İslamcıların iftiraları

“İftiralar” kelimesi İslamcıların kitaplarında, makalelerinde ve metinlerinde, özellikle de oryantalistlere karşı neredeyse en sık kullandıkları kavramdır. Öyle ki bu aşırı kullanımlarından dolayı bu kelime, oryantalistlere yapışıp kaldı ve İslamcı yazarların çoğu için adlarının bir parçası haline geldi. Onlar için oryantalistler her zaman ve daim iftiracıdır. İftira, bütün oryantalistlerin ortak ve değişmez kimliğidir.

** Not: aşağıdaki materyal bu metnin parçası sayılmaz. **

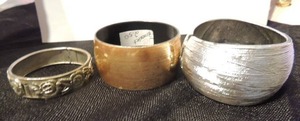 lot 511 image: 3 bracelets- 1 gold cuff, 1 silver cuff and 1 rose design bangle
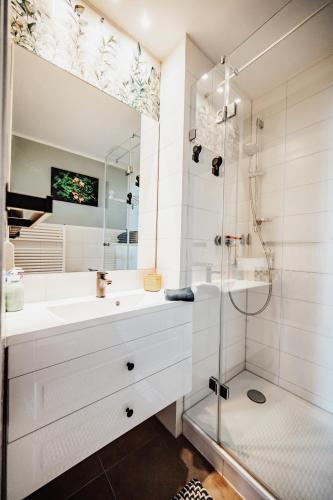 ein weißes Badezimmer mit Dusche und Waschbecken in der Unterkunft Ferienwohnung Sunset bei Warnemünde in Rostock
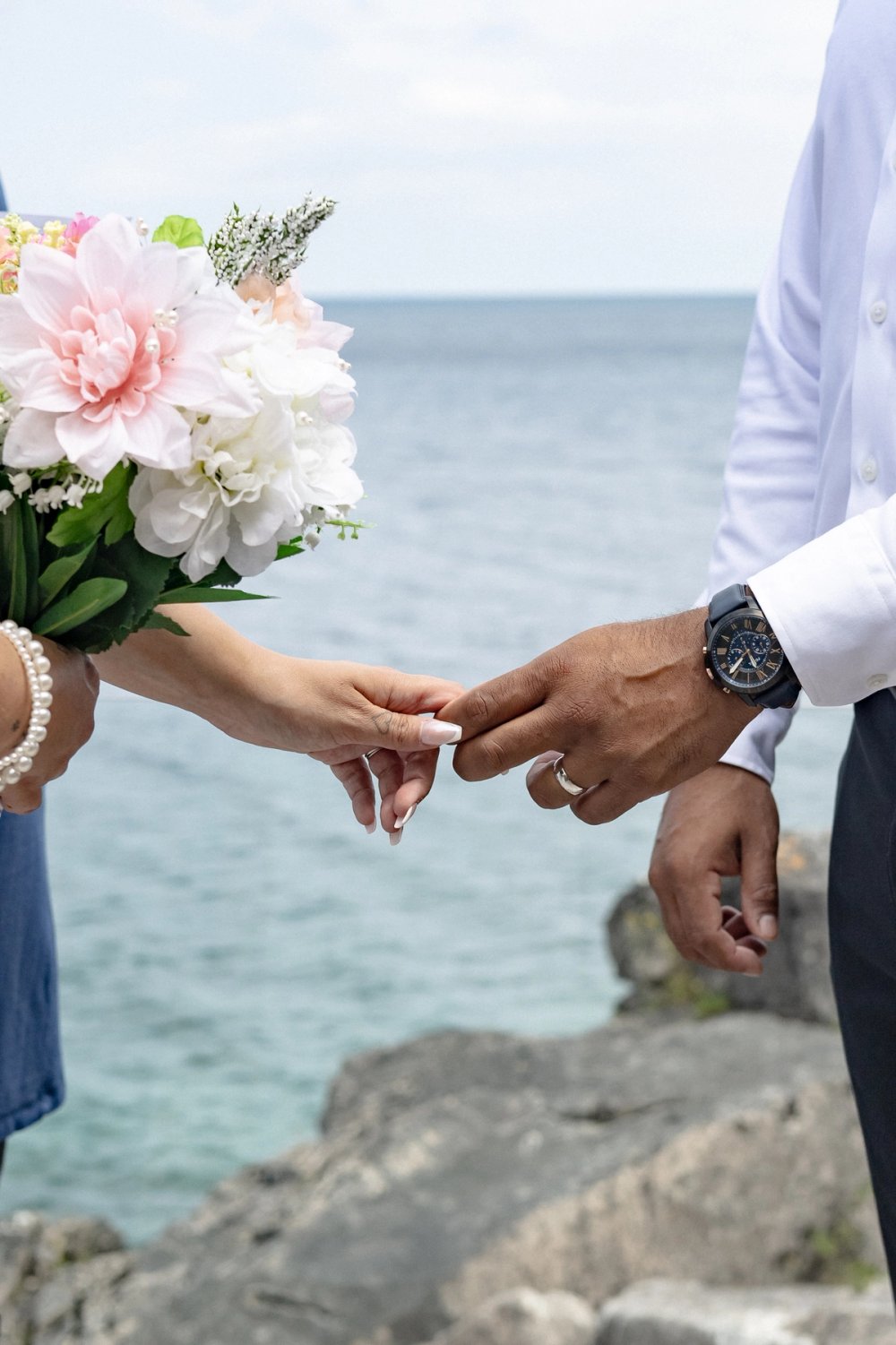 two hands holding each other by the pointing and middle finger - Tobermory Elopement Photography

Makalenin başlığındaki iftiralar sözcüğünü, İslamcıların sık sık tekrarladıkları ünlü “oryantalistlerin iftiraları” başlığı ile retorik ile eşleşme amacıyla değil, aksine iftira kelimesi herkesten çok onlar için uygun olduğundan kullandım. İftira – ne yazık ki- onlar için bir metot ve doktrin, küçük büyük hepsinin peş peşe ortaklaşa dokudukları bir eylemdir. Onlar bu iddialarını kırklı yılların başında daha olgunluk ve mükellefiyet yaşına ermeden sunmaya başladılar.

İftira onların huyları ve bu konuda uzman olmalarına rağmen, neden birçok İslamcı iftira kelimesini oryantalistlere ve kendilerine muhalif olanlara karşı aşırı bir şekilde kullanıyor?

Bunun nedeni belki de Freud’un psikolojide yansıtma adını verdiği psikolojik hile ve mekanizmadır. Psikolojik yansıtma, bireyin hatalarını ve eksikliklerini diğerlerine yükleyerek kendisini koruduğu bir savunma mekanizmasıdır.

İslamcıların çoğu kendi dışındakiler için dini bir ifade olan sapkınlar nitelemesini kullanırlar. Onları dini anlamıyla sapkınlık, hak yoldan sapmakla suçlarlar. Bu nedenle ben de hakkı aslına döndürmek için, asıl –siyasi, kültürel ve bilgisel açıdan- sapkın olanlar ve insanları saptıranlar onlardır diyorum. Onlar Batı hakkında yazdıkları ile insanları kandırıp yanlış yola sevk ettiler. Siyasi Batı ile ilişkilerinin türüyle ilgili konuşmalarıyla yanılttılar. Görünürde Batı ile siyasi ilişkileri çatışmacı ve düşmanca bir ilişki, ama liderleri düzeyindeki gizlide ilişkileri hizmetçi ve takipçi ile efendisi, koruyucusu ve hamisi arasındaki ilişkidir. Liderlerinin siyasi Batı ile kurdukları bu küçük düşürücü ve itaatkâr ilişkideki asıl şaşırtıcı ve ilginç olan; 73 yaşına yaklaşmakta olmasına rağmen, yaşlanmamış ve özellikle son yıllarda halen canlılığın zirvesinde olması, damarlarında akan kanın genç olmasıdır.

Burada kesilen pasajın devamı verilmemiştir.